All of the contactors under discussion in this thread are mechanical, none solid state.

I very rarely (as in almost never) see solid state relays used for building lighting.


----------



## user4818 (Jan 15, 2009)

InPhase277 said:


> Why does every installation have to meet the code?


In this case, I think I made it pretty clear why. This isn't some junk off-the-shelf lighting that's being controlled. It's a top notch system that demands top-notch equipment, in my opinion. Yes, I know it's a glorified on-off switch. I want to do this job right, not take the B4T mentality of "I've always done it that way and I'm never going to change"


----------



## RePhase277 (Feb 5, 2008)

NolaTigaBait said:


> Hey Inphase, Baby Jesus loves you!


:laughing::lol: And I him!


----------



## BBQ (Nov 16, 2010)

InPhase277 said:


> I am just railing against the Code Purist ideology of "No one can ever violate the Code, ever! Else baby Jesus may explode!":thumbsup:


Of course the code can be broken without things going badly, I don't think anyone honestly believes the ink on a page controls what will happen.

I found a 30 amp receptacle supplied with 10 AWG tapped right off a 400 amp bus, it was in a dry cleaners and it had been that way for years, as far as I can tell it did not cause any problem at all. But that don't make it right or safe to do again. 

But anyway ........ I think Pete is going to do whatever Peter wants. :thumbsup:


----------



## BBQ (Nov 16, 2010)

The following was posted at Holt's by an engineer that seems to know his stuff. http://forums.mikeholt.com/showthread.php/90214-Definite-Purpose?p=723163#post723163




Jraef said:


> LOL, the age old DP debate.
> 
> *NEMA = "Find it, Fix it and Forget it!"*
> Overbuilt for the US auto industry to take the worst possible thing a 'Lectrician could throw at it without having to talk to the overpaid engineering staff about the application. Probably more than most people need, but cheaper in the long run if down time costs $1000 / minute and it takes 10 minutes to get an Engineer on the phone.
> ...


Take it for what it is worth, there is no question that DP units work and very little likelihood something bad will happen from using them other than failing an inspection.


----------



## dronai (Apr 11, 2011)

Peter D said:


> In this case, I think I made it pretty clear why. This isn't some junk off-the-shelf lighting that's being controlled. It's a* top* *notch system* that demands top-notch equipment, in my opinion. Yes, I know it's a glorified on-off switch. I want to do this *job right*, not take *the B4T mentality* of "I've always done it that way and I'm never going to change"


 
Dogging on B4T again


----------



## user4818 (Jan 15, 2009)

dronai said:


> Dogging on B4T again


Yes, and? He replied to my thread, I responded back. BBQ showed him the right way, and he was basically like "I don't care, I'm going to keep doing it that way." 



B4T said:


> Am I the only one here who will keep using them now that the information has been made crystal clear..


----------



## user4818 (Jan 15, 2009)

dronai said:


> Peter, To keep you in the budget of the electrical, for this job. What's
> the price difference between the two contactors ?

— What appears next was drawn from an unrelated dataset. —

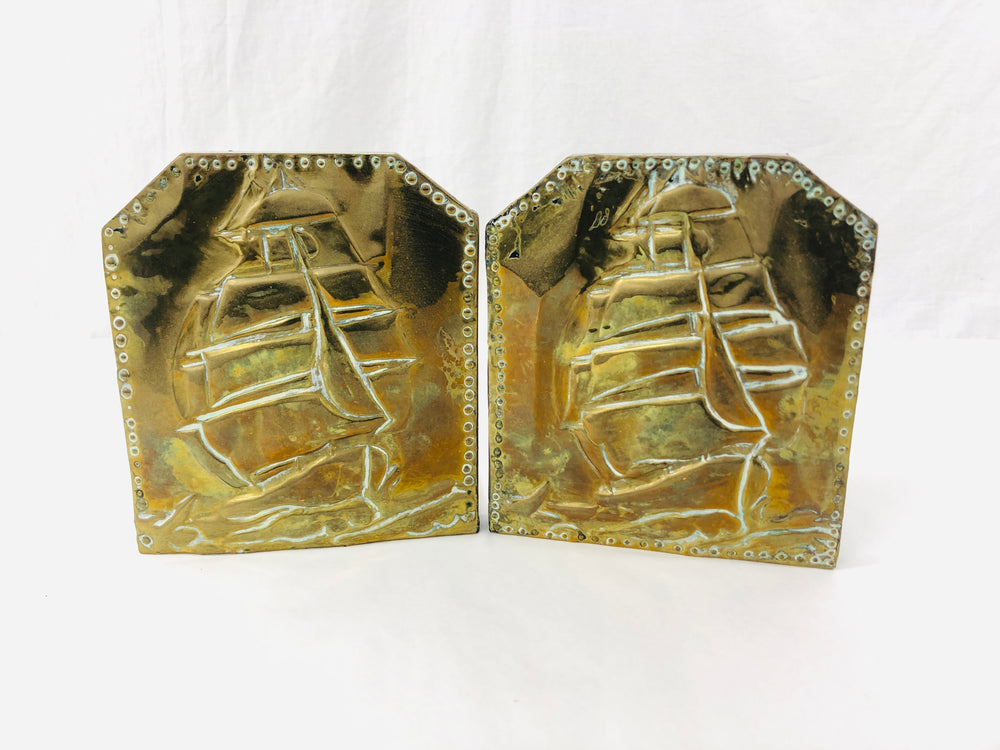 Bookends -Repoussé Brass- Sailing Ship (21587)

I don't know yet. That's why I asked so I know what kind of equipment to ask for.


----------



## user4818 (Jan 15, 2009)

BBQ said:


> But anyway ........ I think Pete is going to do whatever Peter wants. :thumbsup:


Out of curiosity, what do you suppose that might be? A 30 amp 2-pole toggle switch? :laughing:


----------



## dronai (Apr 11, 2011)

Peter D said:


> Yes, and? He replied to my thread, I responded back. BBQ showed him the right way, and he was basically like "I don't care, I'm going to keep doing it that way."


 

Fair Enough


B4-T, Get with the program !


----------



## Jlarson (Jun 28, 2009)

BBQ said:


>


F'ing AC guys can't even mount the thing straight


----------



## user4818 (Jan 15, 2009)

Jlarson said:


> F'ing AC guys can't even mount the thing straight


I can't say for certain, but I think those are factory mounted on the compressor rack. It's all one big pre-fabbed skid - compressors, piping and control cabinet. Connect field wiring (power and control circuits) and refrigeration lines and you're done.

BBQ will know for certain. He deals with this stuff on a daily basis.


----------



## Jlarson (Jun 28, 2009)

Peter D said:


> IBBQ will know for certain. He deals with this stuff on a daily basis.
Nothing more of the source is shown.